Last Sunday, I had the privilege of preaching at Grace Lutheran Church. The lectionary readings were beautiful, full of imagery, reminding us of God’s power, grace, and love. Even for those not familiar with Psalms or Isaiah, I imagine the words are recognizable or at least resonant. The prophet speaks of God renewing and restoring us like eagles in flight or strong runners in stride. The psalmist notes that God nurtures the earth, heals the broken-hearted and binds up wounds.
Against this backdrop, the gospel passage was about Peter’s mother-in-law being healed by Jesus. A simple story told in three of the four gospels, I was surprised by a detail I do not remember noticing before. Though all of the sick and mentally ill from the town gathered at the door of Peter’s house to be healed like Peter’s mother- in- law, the scripture says that Jesus heals “many”; not all, but many. And then he was on his way.
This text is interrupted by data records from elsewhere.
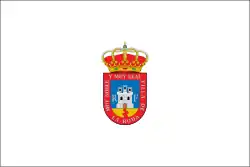 Bandeira de La Roda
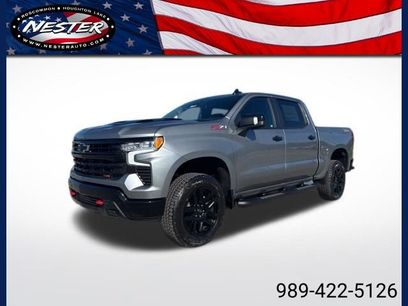 New 2026 Chevrolet Silverado 1500 LT Trail Boss w/ LT Trail Boss Premium Package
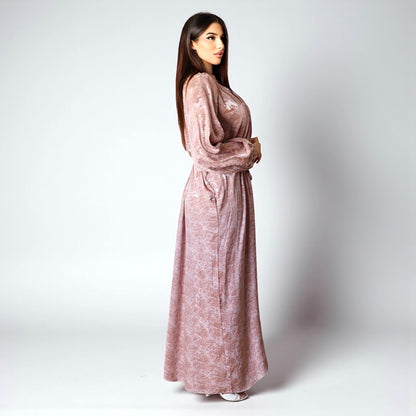 Aisha Velour Elegance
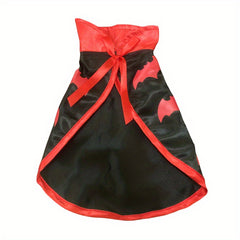 Halloween Magic Cloak for Pets Christmas Dress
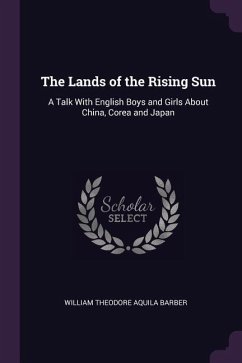 The Lands of the Rising Sun
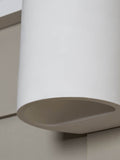 BHS Osuna round plaster wall light, UK version
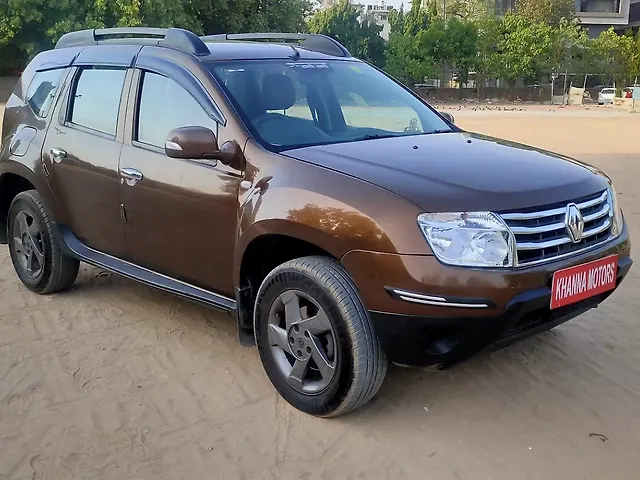 Used 2016 Renault Duster in Delhi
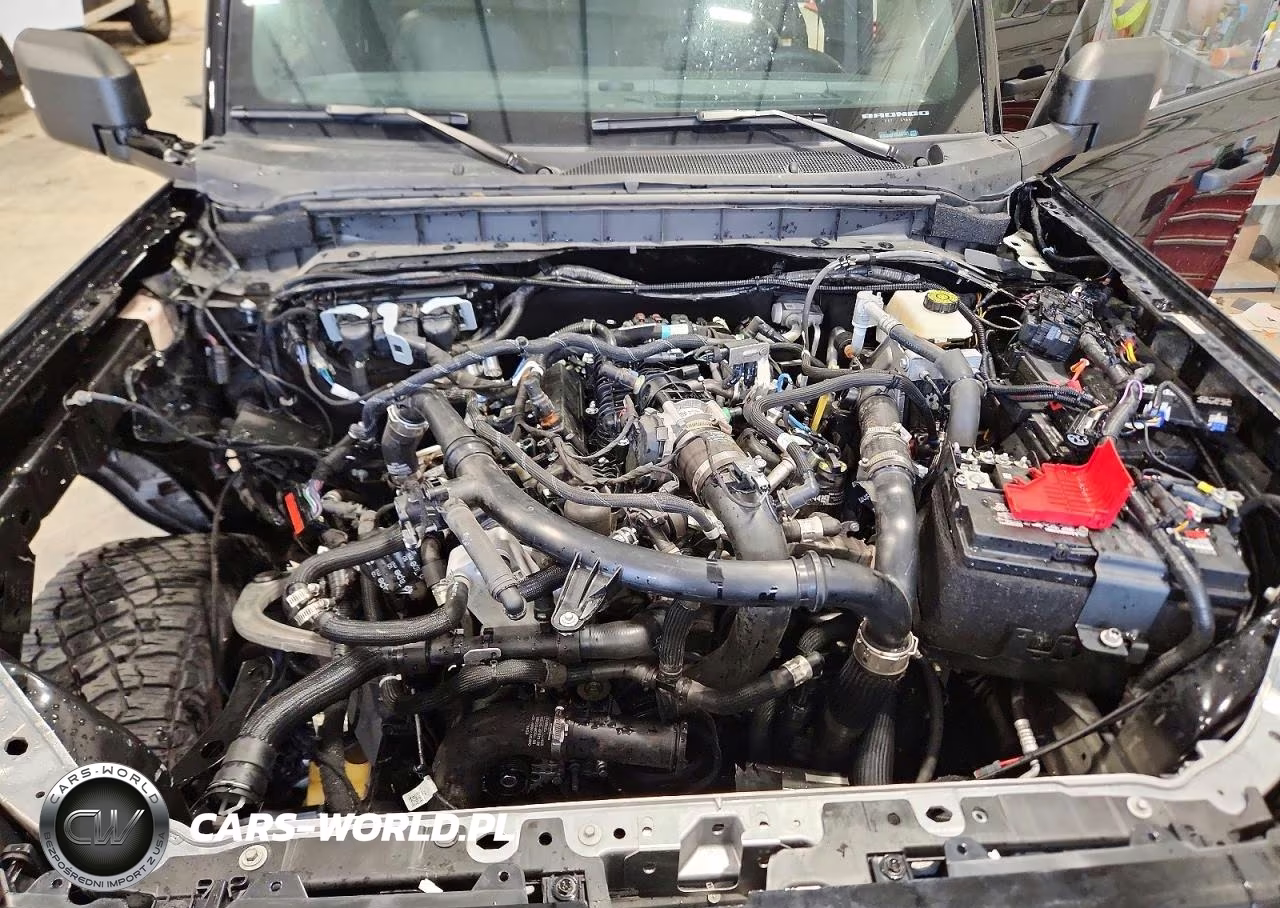 2024 Ford Bronco Badlands VIN:1FMEE9BPXRLA57321 - 12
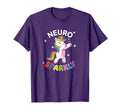 Neurodivergent Neurosparkly T-Shirt - Novelty Apparel for Adults - T-Shirt, Sweatshirt, Hoodie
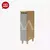 AT - 4181-5 BALCAO NESHER 1P ABRIR RAINHA P/CONDIMENTOS 20CM 500856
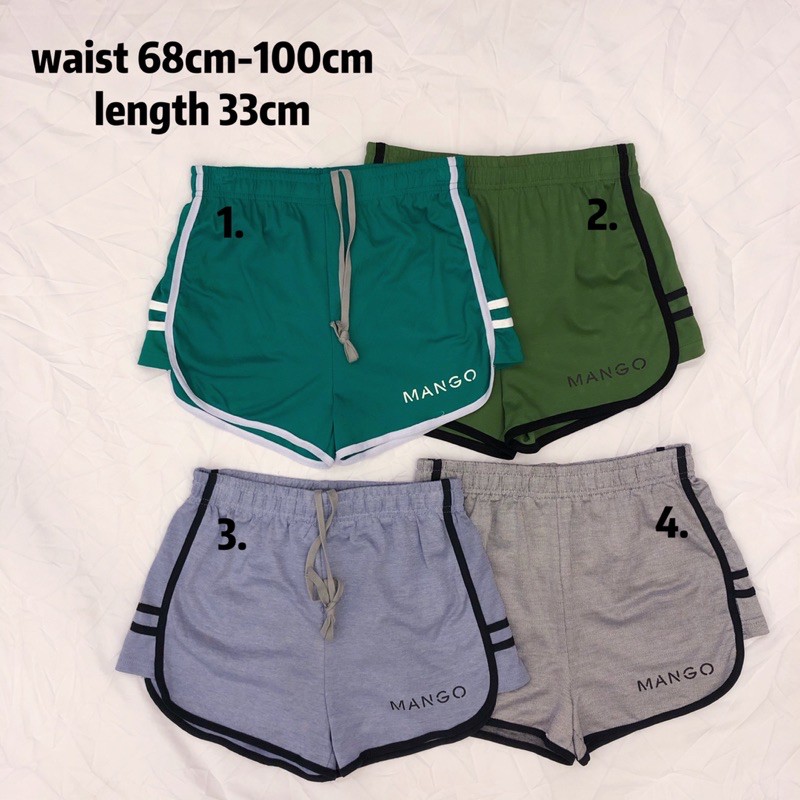 Casual Women Shortpant Seluar Pendek Perempuan Shortpants Murah Borong Shopee Malaysia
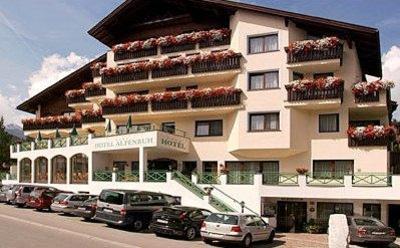 фото отеля Hotel Alpenruh Micheluzzi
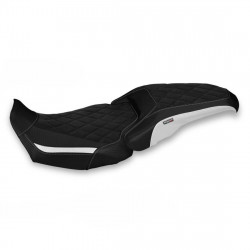 HCBR65SV : Tappezzeria Italia Samt Sitzbankbezug CBR650R Honda CB650
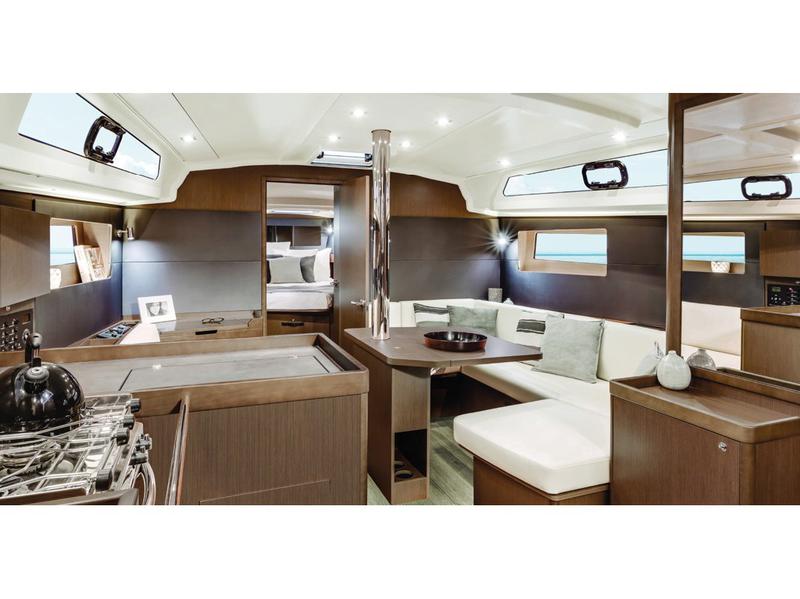 Book yachts online - sailboat - Oceanis 41.1 - The Salt Shaker - rent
Episcopal priest, Barbara Brown Taylor, says humorously, “That is the problem with miracles. If somebody gets one you want to get yours, too.” But the scripture says not everyone got theirs. It must have been a problem for the disappointed ones who did not receive such healing grace. And I believe it gets at the heart of our own issue with suffering and family heartache. We wonder why some get healed and others do not. We wonder why so many struggle with family problems and wrestle with the injustice that all are not resolved and restored.
I read a wonderful quote several weeks ago that has settled in my heart. It was written by Maya Angelou, who knew more than her share of family heartache. It says, “Hope and fear cannot occupy the same space at the same time. Invite one to stay.” It was how Maya Angelou lived with joy and gratitude despite her personal sorrows and is a prescription for those of us who would live richly amidst the heartache and pain that we know.
This week Christians are entering the season of Lent. Eastern Christians observe Lent starting on Clean Monday, which is on February 19 this year. Western Christians start on Ash Wednesday, the day that reminds us we are mortal, with all the urgency and opportunity that awareness brings. This year Ash Wednesday falls on Valentine’s Day. During Lent, believers and seekers are encouraged to look within to discover who we are and who we want to be. We are encouraged to invite hope to occupy the space of our lives instead of the fear or disappointment or brokenness that might have taken up residence. What better day to begin the Lenten journey than Valentine’s Day, when love is the theme? Looking within our lives from a place of being loved, gives us courage to invite hope to stay.
Several years ago now, Jan Richardson, a United Methodist minister, poet, and artist, wrote a blessing inspired by her dread of the first Valentine’s Day after her husband’s death. In it she says she “marvels at the mystery of how a heart so broken can go on beating, as if it were made for precisely this—as if it sees the heart’s sole remedy for breaking is to love still.” It is a marvel that most all of us have family concerns and yet find a way to take first one step and then the next, often with joy and gratitude and inspired by love. Whether you celebrate Lent or not, may we all find a way to heal our broken hearts and invite hope to stay.